Sir Charles Simon Mendl (14 December 1871 – 15 February 1958) was a British diplomat and actor who has been described as "one of the most colourful figures in the diplomatic and social life of Paris".

== Early life ==
Mendl was born in London in 1871, the second son of Jewish Czech-born Ferdinand Mendl and Jeanette Rachel; their firstborn son was Sigismund Mendl. He was educated at Harrow School, after which he started a branch of his father's grain importing business in Buenos Aires.

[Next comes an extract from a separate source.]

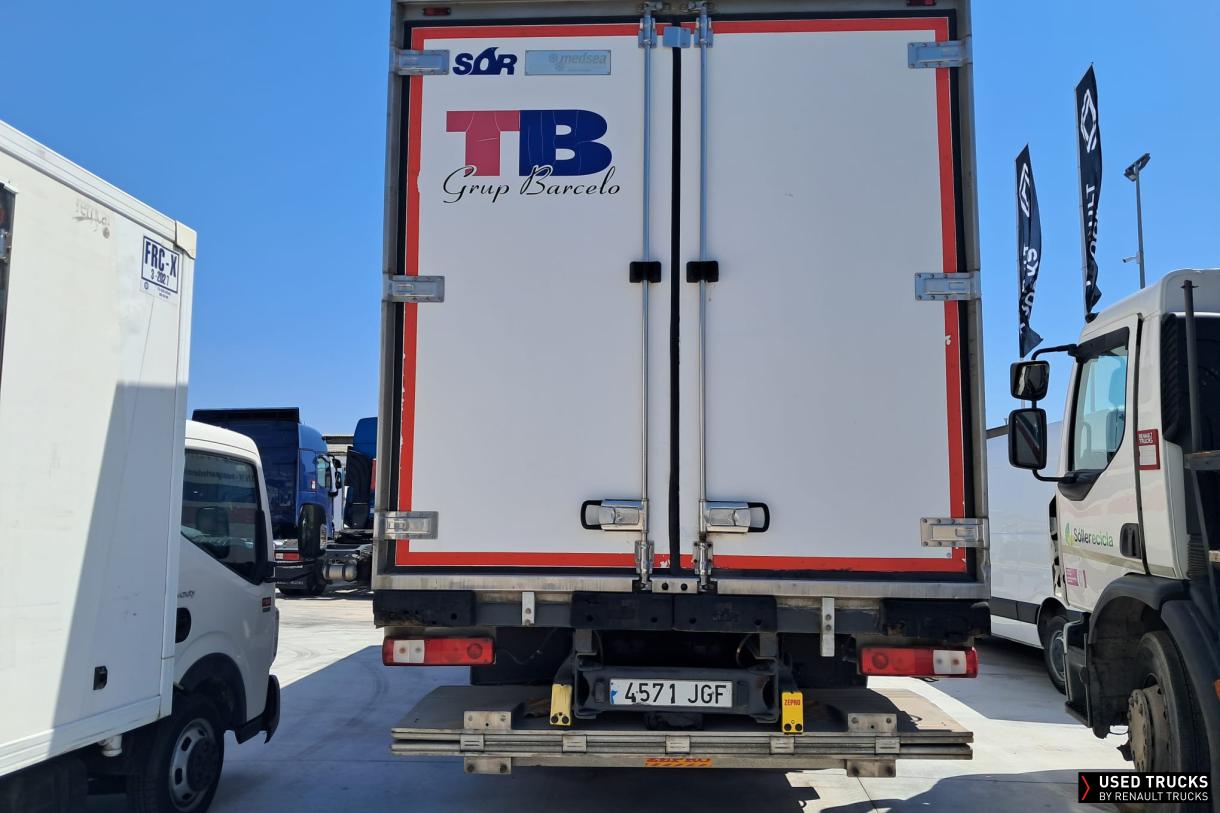 Renault Trucks Premium Distribution 270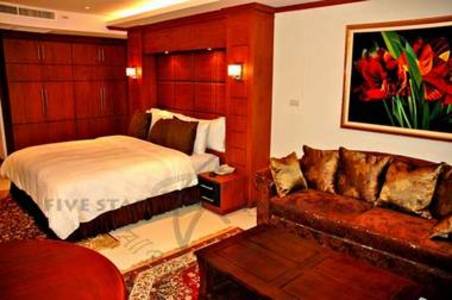pic 5 STAR condo-living on Pratumnak Hillâ€¦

In 1912, he worked in Paris for a group of South American railway companies as a financial agent, having worked in South America as a railway director.

He served as an intelligence officer in the 25th Infantry Brigade during the First World War and left after he sustained serious injury due to a horse falling on him in 1915.

== Diplomatic career ==
He worked in Paris for Admiralty intelligence in 1918, when he was attached to the British embassy during the Paris Peace Conference.

Mendl was made a Knight Bachelor in 1924 for services to the Crown, allegedly due to his retrieval of letters from a gigolo who had been blackmailing Prince George, Duke of Kent. The French believed that it was for services relating to spying. President of the Council of Ministers Pierre Laval believed Mendl was working for British intelligence, blaming him for leaking the Hoare–Laval Pact that would have given much of Ethiopia to fascist Italy. Mendl had received part of his 1922 salary from secret service funds.

His connections meant that he was able to invite the socialist Léon Blum to the embassy after his 1936 election, whilst the ambassador George Clerk hadn't met him. Mendl, along with then ambassador Eric Phipps, supported appeasement, playing down Winston Churchill's importance in March 1938 and trying to prevent Anthony Eden from speaking in Paris in June 1939.

== Personal life ==
Mendl married interior decorator Elsie de Wolfe in 1926, at which point he was head of the press section in the British embassy in Paris, with the wedding held at the British consulate in Paris. De Wolfe was living in a lesbian relationship with Elisabeth Marbury, and the marriage allowed her to use the title "Lady". De Wolfe paid Mendl a monthly allowance, and the two did not live together.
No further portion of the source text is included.